▶ _Work to complete_:
Please reproduce all of the lines below, word for word and in full.
[[ Data for analysis open ]]
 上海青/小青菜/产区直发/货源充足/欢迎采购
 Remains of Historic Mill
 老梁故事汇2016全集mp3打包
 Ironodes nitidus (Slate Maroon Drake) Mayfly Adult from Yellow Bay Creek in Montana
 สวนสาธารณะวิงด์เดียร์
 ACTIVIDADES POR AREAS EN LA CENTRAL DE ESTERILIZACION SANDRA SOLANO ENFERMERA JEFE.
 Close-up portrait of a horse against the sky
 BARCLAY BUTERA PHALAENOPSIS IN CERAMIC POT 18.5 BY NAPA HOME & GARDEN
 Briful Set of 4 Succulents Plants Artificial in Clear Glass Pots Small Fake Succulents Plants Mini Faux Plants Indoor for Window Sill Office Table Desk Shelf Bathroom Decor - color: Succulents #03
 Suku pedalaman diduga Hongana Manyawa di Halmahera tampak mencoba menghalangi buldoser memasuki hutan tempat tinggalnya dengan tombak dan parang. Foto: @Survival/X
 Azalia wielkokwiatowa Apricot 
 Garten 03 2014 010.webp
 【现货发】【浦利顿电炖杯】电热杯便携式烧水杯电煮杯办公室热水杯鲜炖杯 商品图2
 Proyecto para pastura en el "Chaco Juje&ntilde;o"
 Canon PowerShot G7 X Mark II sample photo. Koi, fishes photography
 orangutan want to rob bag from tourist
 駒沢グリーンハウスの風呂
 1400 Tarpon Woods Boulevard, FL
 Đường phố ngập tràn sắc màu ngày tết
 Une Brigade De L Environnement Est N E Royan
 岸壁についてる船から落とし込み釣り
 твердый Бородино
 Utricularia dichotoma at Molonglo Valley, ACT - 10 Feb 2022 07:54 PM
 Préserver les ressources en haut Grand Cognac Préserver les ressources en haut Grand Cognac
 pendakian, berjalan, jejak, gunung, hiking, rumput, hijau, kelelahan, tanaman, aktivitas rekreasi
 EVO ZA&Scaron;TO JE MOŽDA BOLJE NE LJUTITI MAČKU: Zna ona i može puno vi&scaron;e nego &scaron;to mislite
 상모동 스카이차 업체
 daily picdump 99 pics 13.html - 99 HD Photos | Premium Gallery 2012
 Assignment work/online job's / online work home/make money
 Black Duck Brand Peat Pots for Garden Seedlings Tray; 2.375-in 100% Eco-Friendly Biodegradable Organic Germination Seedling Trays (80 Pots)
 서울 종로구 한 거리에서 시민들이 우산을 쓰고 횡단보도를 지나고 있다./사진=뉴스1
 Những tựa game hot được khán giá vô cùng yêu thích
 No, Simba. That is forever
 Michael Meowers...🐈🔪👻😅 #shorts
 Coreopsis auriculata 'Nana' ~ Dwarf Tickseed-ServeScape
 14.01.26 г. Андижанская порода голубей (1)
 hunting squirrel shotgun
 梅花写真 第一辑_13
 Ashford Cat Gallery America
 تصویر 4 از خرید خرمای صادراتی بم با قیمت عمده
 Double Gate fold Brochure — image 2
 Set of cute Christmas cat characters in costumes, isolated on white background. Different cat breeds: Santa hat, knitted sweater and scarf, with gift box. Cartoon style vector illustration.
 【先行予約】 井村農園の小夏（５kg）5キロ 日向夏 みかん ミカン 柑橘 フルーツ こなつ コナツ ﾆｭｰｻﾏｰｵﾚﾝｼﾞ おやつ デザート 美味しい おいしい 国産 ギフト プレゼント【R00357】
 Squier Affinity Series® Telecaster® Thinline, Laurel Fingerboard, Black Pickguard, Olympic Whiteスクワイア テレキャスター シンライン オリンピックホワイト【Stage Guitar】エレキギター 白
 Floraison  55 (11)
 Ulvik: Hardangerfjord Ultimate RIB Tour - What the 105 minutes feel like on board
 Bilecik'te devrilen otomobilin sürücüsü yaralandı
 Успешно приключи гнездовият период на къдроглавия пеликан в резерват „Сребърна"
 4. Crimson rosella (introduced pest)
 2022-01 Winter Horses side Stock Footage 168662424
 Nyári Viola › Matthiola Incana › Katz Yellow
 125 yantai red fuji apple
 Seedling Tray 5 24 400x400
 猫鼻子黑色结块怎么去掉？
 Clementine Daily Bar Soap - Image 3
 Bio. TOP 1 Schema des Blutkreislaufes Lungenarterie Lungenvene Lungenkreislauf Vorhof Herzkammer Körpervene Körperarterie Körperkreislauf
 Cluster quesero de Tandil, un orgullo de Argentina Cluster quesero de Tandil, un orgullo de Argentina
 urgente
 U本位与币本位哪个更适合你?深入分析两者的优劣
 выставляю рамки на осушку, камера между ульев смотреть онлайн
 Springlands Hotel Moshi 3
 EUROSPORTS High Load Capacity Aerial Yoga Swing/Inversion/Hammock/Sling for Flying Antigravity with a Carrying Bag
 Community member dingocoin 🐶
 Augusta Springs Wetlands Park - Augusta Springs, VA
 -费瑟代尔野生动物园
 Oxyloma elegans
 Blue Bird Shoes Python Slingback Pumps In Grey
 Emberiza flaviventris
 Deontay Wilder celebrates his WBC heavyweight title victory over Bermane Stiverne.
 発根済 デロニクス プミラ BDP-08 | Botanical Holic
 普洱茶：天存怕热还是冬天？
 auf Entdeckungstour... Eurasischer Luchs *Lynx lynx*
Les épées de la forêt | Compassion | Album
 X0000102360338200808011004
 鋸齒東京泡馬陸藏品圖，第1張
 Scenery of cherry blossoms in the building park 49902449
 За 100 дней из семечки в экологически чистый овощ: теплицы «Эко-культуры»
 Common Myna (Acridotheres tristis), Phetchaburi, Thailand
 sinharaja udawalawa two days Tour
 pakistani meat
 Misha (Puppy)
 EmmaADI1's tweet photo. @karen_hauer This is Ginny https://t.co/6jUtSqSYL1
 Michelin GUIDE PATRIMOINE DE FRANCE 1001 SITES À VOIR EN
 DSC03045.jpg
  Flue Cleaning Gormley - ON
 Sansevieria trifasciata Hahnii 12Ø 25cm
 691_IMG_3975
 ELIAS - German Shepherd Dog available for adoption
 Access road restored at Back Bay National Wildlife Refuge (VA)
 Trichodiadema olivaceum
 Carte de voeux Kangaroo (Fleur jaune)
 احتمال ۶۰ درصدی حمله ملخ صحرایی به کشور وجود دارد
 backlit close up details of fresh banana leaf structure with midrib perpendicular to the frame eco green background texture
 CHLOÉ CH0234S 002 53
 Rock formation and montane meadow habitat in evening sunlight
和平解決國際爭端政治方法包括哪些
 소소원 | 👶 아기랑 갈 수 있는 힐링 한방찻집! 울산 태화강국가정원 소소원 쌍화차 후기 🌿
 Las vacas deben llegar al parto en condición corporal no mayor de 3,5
[[ Data for analysis closed ]]
▶ _Response to the task_:
 上海青/小青菜/产区直发/货源充足/欢迎采购
 Remains of Historic Mill
 老梁故事汇2016全集mp3打包
 Ironodes nitidus (Slate Maroon Drake) Mayfly Adult from Yellow Bay Creek in Montana
 สวนสาธารณะวิงด์เดียร์
 ACTIVIDADES POR AREAS EN LA CENTRAL DE ESTERILIZACION SANDRA SOLANO ENFERMERA JEFE.
 Close-up portrait of a horse against the sky
 BARCLAY BUTERA PHALAENOPSIS IN CERAMIC POT 18.5 BY NAPA HOME & GARDEN
 Briful Set of 4 Succulents Plants Artificial in Clear Glass Pots Small Fake Succulents Plants Mini Faux Plants Indoor for Window Sill Office Table Desk Shelf Bathroom Decor - color: Succulents #03
 Suku pedalaman diduga Hongana Manyawa di Halmahera tampak mencoba menghalangi buldoser memasuki hutan tempat tinggalnya dengan tombak dan parang. Foto: @Survival/X
 Azalia wielkokwiatowa Apricot 
 Garten 03 2014 010.webp
 【现货发】【浦利顿电炖杯】电热杯便携式烧水杯电煮杯办公室热水杯鲜炖杯 商品图2
 Proyecto para pastura en el "Chaco Juje&ntilde;o"
 Canon PowerShot G7 X Mark II sample photo. Koi, fishes photography
 orangutan want to rob bag from tourist
 駒沢グリーンハウスの風呂
 1400 Tarpon Woods Boulevard, FL
 Đường phố ngập tràn sắc màu ngày tết
 Une Brigade De L Environnement Est N E Royan
 岸壁についてる船から落とし込み釣り
 твердый Бородино
 Utricularia dichotoma at Molonglo Valley, ACT - 10 Feb 2022 07:54 PM
 Préserver les ressources en haut Grand Cognac Préserver les ressources en haut Grand Cognac
 pendakian, berjalan, jejak, gunung, hiking, rumput, hijau, kelelahan, tanaman, aktivitas rekreasi
 EVO ZA&Scaron;TO JE MOŽDA BOLJE NE LJUTITI MAČKU: Zna ona i može puno vi&scaron;e nego &scaron;to mislite
 상모동 스카이차 업체
 daily picdump 99 pics 13.html - 99 HD Photos | Premium Gallery 2012
 Assignment work/online job's / online work home/make money
 Black Duck Brand Peat Pots for Garden Seedlings Tray; 2.375-in 100% Eco-Friendly Biodegradable Organic Germination Seedling Trays (80 Pots)
 서울 종로구 한 거리에서 시민들이 우산을 쓰고 횡단보도를 지나고 있다./사진=뉴스1
 Những tựa game hot được khán giá vô cùng yêu thích
 No, Simba. That is forever
 Michael Meowers...🐈🔪👻😅 #shorts
 Coreopsis auriculata 'Nana' ~ Dwarf Tickseed-ServeScape
 14.01.26 г. Андижанская порода голубей (1)
 hunting squirrel shotgun
 梅花写真 第一辑_13
 Ashford Cat Gallery America
 تصویر 4 از خرید خرمای صادراتی بم با قیمت عمده
 Double Gate fold Brochure — image 2
 Set of cute Christmas cat characters in costumes, isolated on white background. Different cat breeds: Santa hat, knitted sweater and scarf, with gift box. Cartoon style vector illustration.
 【先行予約】 井村農園の小夏（５kg）5キロ 日向夏 みかん ミカン 柑橘 フルーツ こなつ コナツ ﾆｭｰｻﾏｰｵﾚﾝｼﾞ おやつ デザート 美味しい おいしい 国産 ギフト プレゼント【R00357】
 Squier Affinity Series® Telecaster® Thinline, Laurel Fingerboard, Black Pickguard, Olympic Whiteスクワイア テレキャスター シンライン オリンピックホワイト【Stage Guitar】エレキギター 白
 Floraison  55 (11)
 Ulvik: Hardangerfjord Ultimate RIB Tour - What the 105 minutes feel like on board
 Bilecik'te devrilen otomobilin sürücüsü yaralandı
 Успешно приключи гнездовият период на къдроглавия пеликан в резерват „Сребърна"
 4. Crimson rosella (introduced pest)
 2022-01 Winter Horses side Stock Footage 168662424
 Nyári Viola › Matthiola Incana › Katz Yellow
 125 yantai red fuji apple
 Seedling Tray 5 24 400x400
 猫鼻子黑色结块怎么去掉？
 Clementine Daily Bar Soap - Image 3
 Bio. TOP 1 Schema des Blutkreislaufes Lungenarterie Lungenvene Lungenkreislauf Vorhof Herzkammer Körpervene Körperarterie Körperkreislauf
 Cluster quesero de Tandil, un orgullo de Argentina Cluster quesero de Tandil, un orgullo de Argentina
 urgente
 U本位与币本位哪个更适合你?深入分析两者的优劣
 выставляю рамки на осушку, камера между ульев смотреть онлайн
 Springlands Hotel Moshi 3
 EUROSPORTS High Load Capacity Aerial Yoga Swing/Inversion/Hammock/Sling for Flying Antigravity with a Carrying Bag
 Community member dingocoin 🐶
 Augusta Springs Wetlands Park - Augusta Springs, VA
 -费瑟代尔野生动物园
 Oxyloma elegans
 Blue Bird Shoes Python Slingback Pumps In Grey
 Emberiza flaviventris
 Deontay Wilder celebrates his WBC heavyweight title victory over Bermane Stiverne.
 発根済 デロニクス プミラ BDP-08 | Botanical Holic
 普洱茶：天存怕热还是冬天？
 auf Entdeckungstour... Eurasischer Luchs *Lynx lynx*
Les épées de la forêt | Compassion | Album
 X0000102360338200808011004
 鋸齒東京泡馬陸藏品圖，第1張
 Scenery of cherry blossoms in the building park 49902449
 За 100 дней из семечки в экологически чистый овощ: теплицы «Эко-культуры»
 Common Myna (Acridotheres tristis), Phetchaburi, Thailand
 sinharaja udawalawa two days Tour
 pakistani meat
 Misha (Puppy)
 EmmaADI1's tweet photo. @karen_hauer This is Ginny https://t.co/6jUtSqSYL1
 Michelin GUIDE PATRIMOINE DE FRANCE 1001 SITES À VOIR EN
 DSC03045.jpg
  Flue Cleaning Gormley - ON
 Sansevieria trifasciata Hahnii 12Ø 25cm
 691_IMG_3975
 ELIAS - German Shepherd Dog available for adoption
 Access road restored at Back Bay National Wildlife Refuge (VA)
 Trichodiadema olivaceum
 Carte de voeux Kangaroo (Fleur jaune)
 احتمال ۶۰ درصدی حمله ملخ صحرایی به کشور وجود دارد
 backlit close up details of fresh banana leaf structure with midrib perpendicular to the frame eco green background texture
 CHLOÉ CH0234S 002 53
 Rock formation and montane meadow habitat in evening sunlight
和平解決國際爭端政治方法包括哪些
 소소원 | 👶 아기랑 갈 수 있는 힐링 한방찻집! 울산 태화강국가정원 소소원 쌍화차 후기 🌿
 Las vacas deben llegar al parto en condición corporal no mayor de 3,5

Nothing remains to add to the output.